- [PROBLEM DESCRIPTION]
The lines to return run from the start of the material below through the line holding "چک‌های صیادی خود", both included; please give them back exactly, minus the pictures.

- [DATA SECTION]

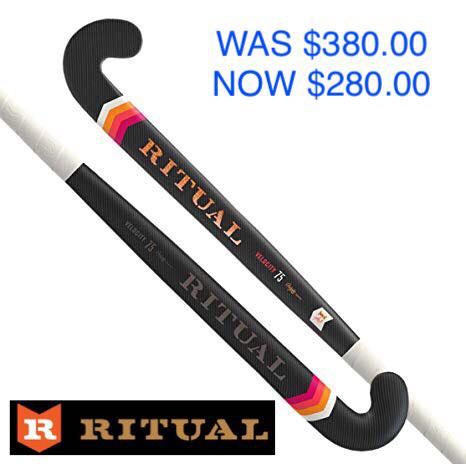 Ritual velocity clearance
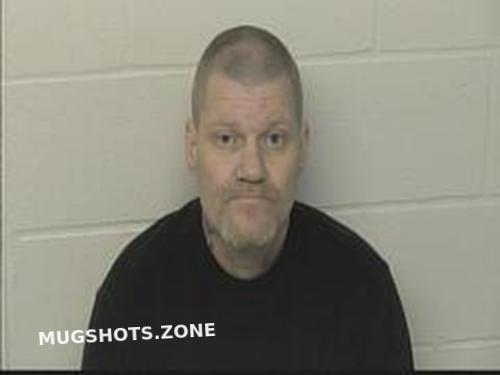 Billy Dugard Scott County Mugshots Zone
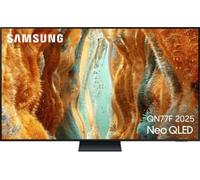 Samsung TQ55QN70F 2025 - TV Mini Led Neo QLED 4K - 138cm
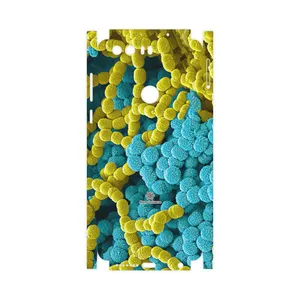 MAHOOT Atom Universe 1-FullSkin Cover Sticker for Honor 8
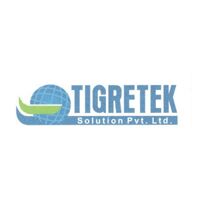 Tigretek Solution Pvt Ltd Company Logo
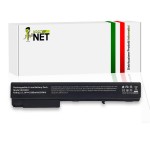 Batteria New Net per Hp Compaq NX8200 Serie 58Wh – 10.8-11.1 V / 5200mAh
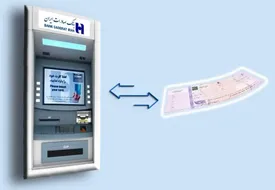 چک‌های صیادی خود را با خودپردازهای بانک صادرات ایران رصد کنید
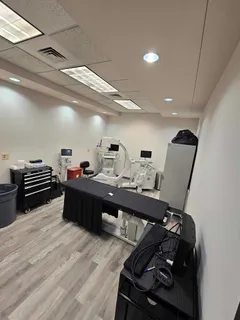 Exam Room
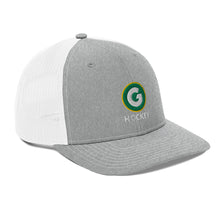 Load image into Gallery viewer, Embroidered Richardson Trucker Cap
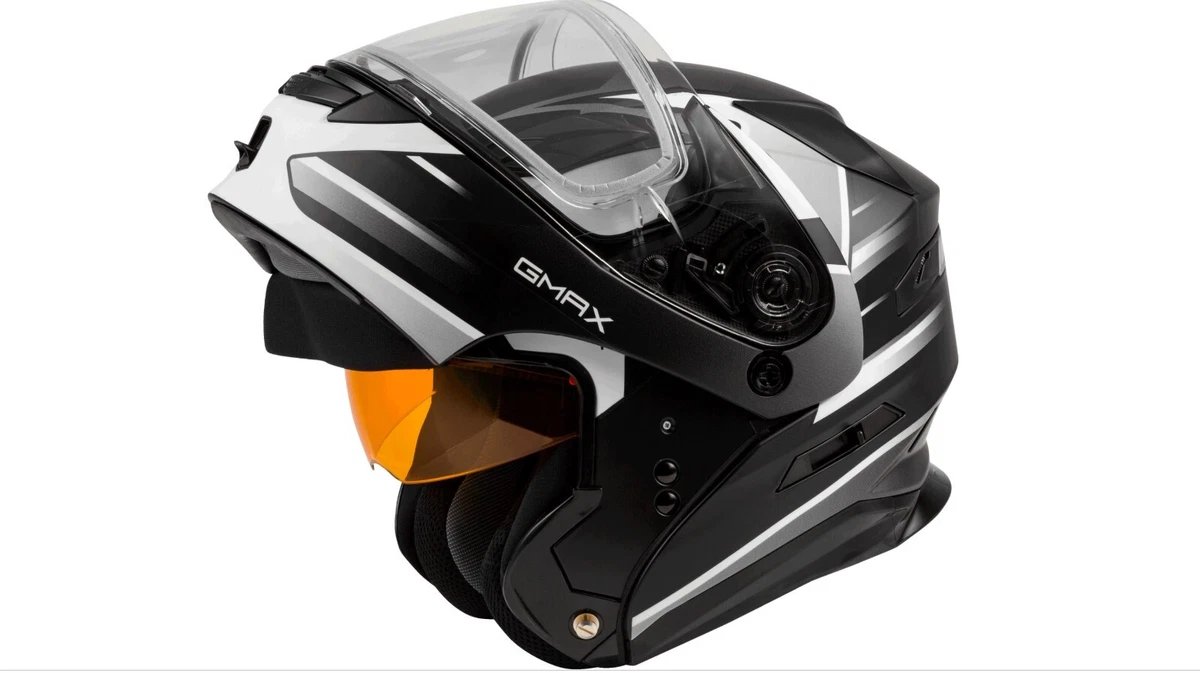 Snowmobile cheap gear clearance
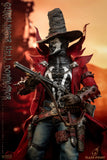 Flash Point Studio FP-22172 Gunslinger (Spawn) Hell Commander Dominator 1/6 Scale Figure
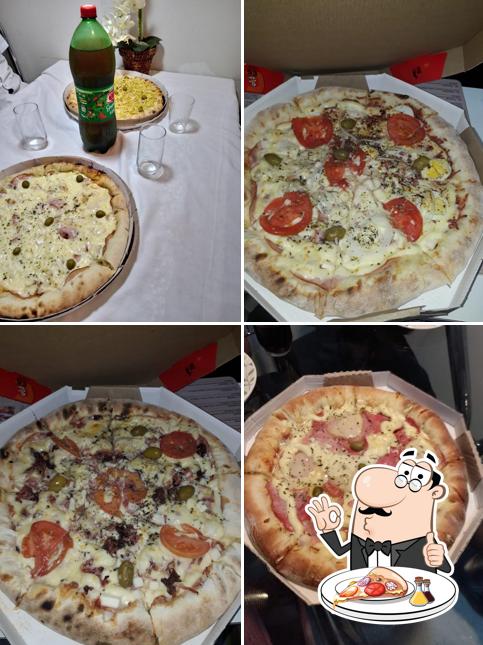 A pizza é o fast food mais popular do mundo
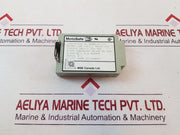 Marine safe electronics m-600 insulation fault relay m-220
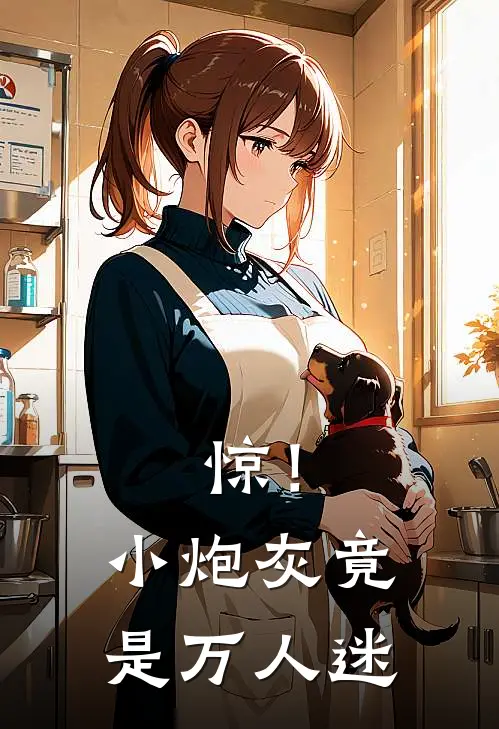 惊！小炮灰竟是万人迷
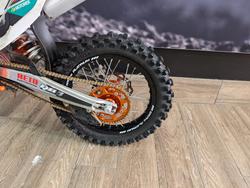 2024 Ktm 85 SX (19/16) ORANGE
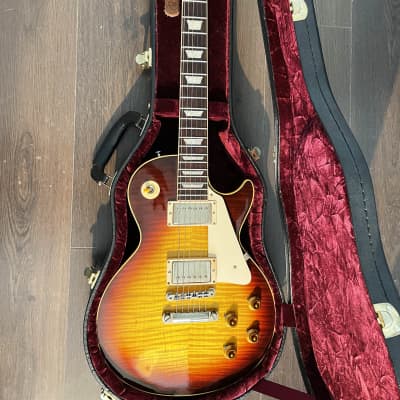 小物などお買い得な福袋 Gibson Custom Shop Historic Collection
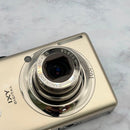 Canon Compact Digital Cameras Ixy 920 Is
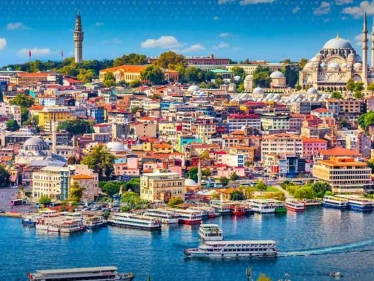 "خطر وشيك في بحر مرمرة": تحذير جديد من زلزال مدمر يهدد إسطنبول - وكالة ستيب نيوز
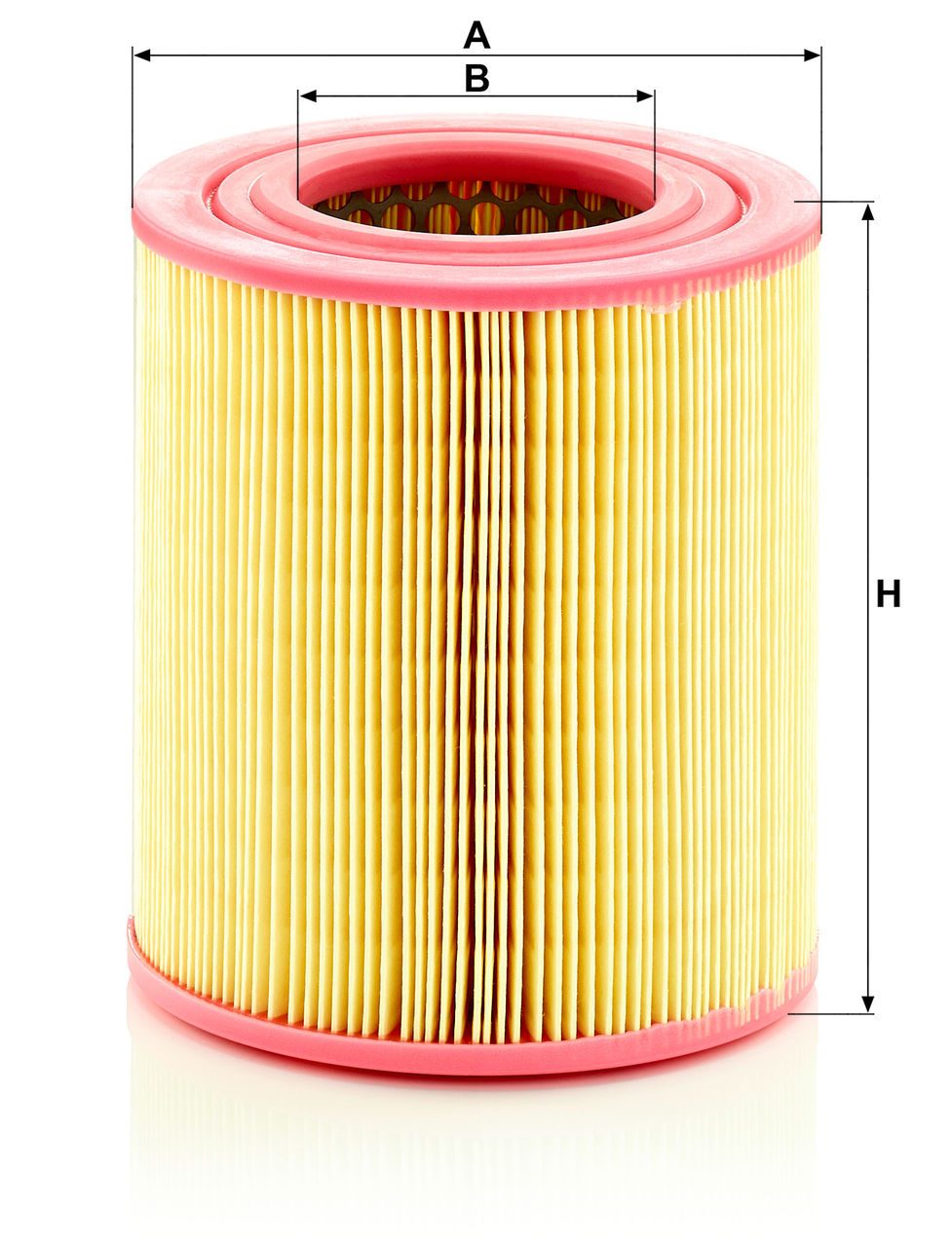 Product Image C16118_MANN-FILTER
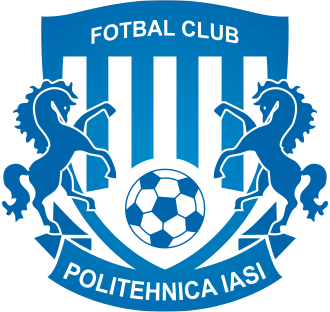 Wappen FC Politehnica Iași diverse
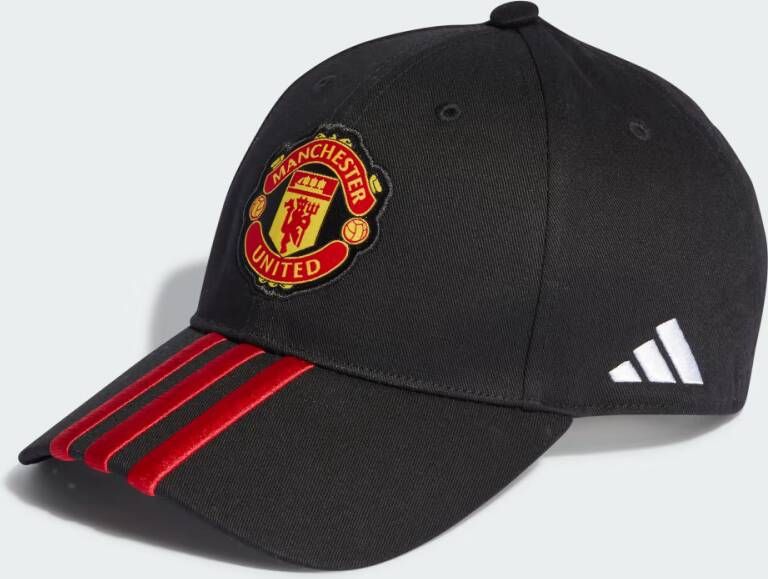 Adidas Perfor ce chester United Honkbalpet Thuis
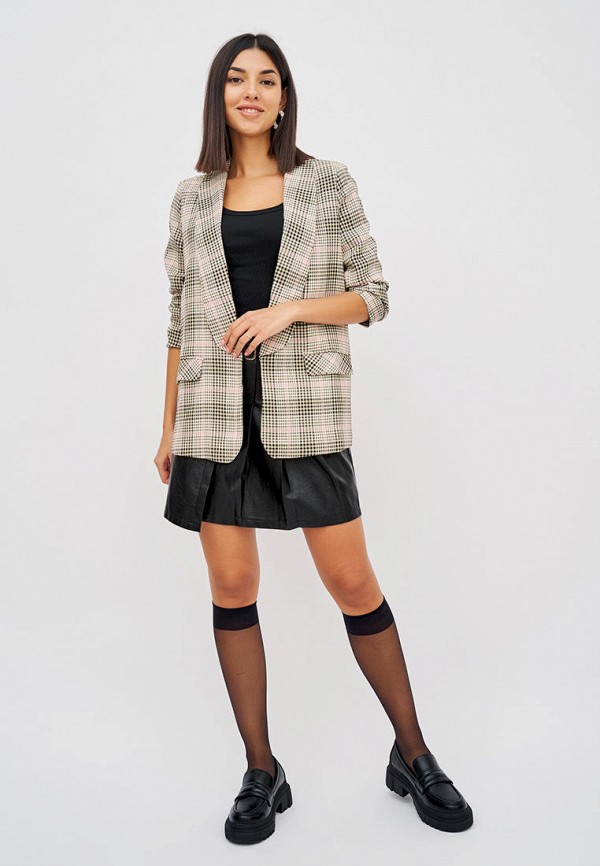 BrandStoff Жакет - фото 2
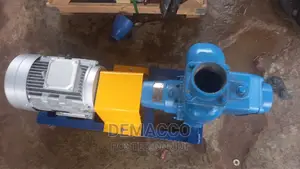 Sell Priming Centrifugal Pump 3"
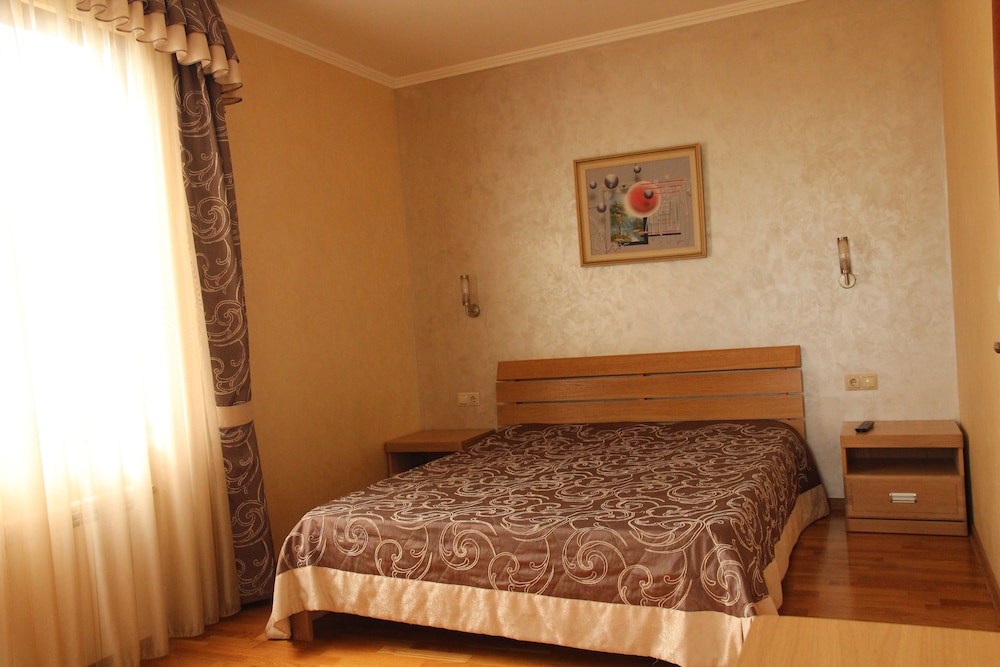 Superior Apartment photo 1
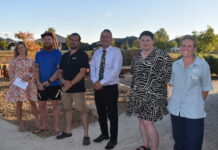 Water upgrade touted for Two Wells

- [OUTPUT OF THE TASK]
 Ritual velocity clearance
 Billy Dugard Scott County Mugshots Zone
 Samsung TQ55QN70F 2025 - TV Mini Led Neo QLED 4K - 138cm
 MAHOOT Atom Universe 1-FullSkin Cover Sticker for Honor 8
 Tigretek Solution Pvt Ltd Company Logo
 Batteria New Net per Hp Compaq NX8200 Serie 58Wh – 10.8-11.1 V / 5200mAh
 چک‌های صیادی خود را با خودپردازهای بانک صادرات ایران رصد کنید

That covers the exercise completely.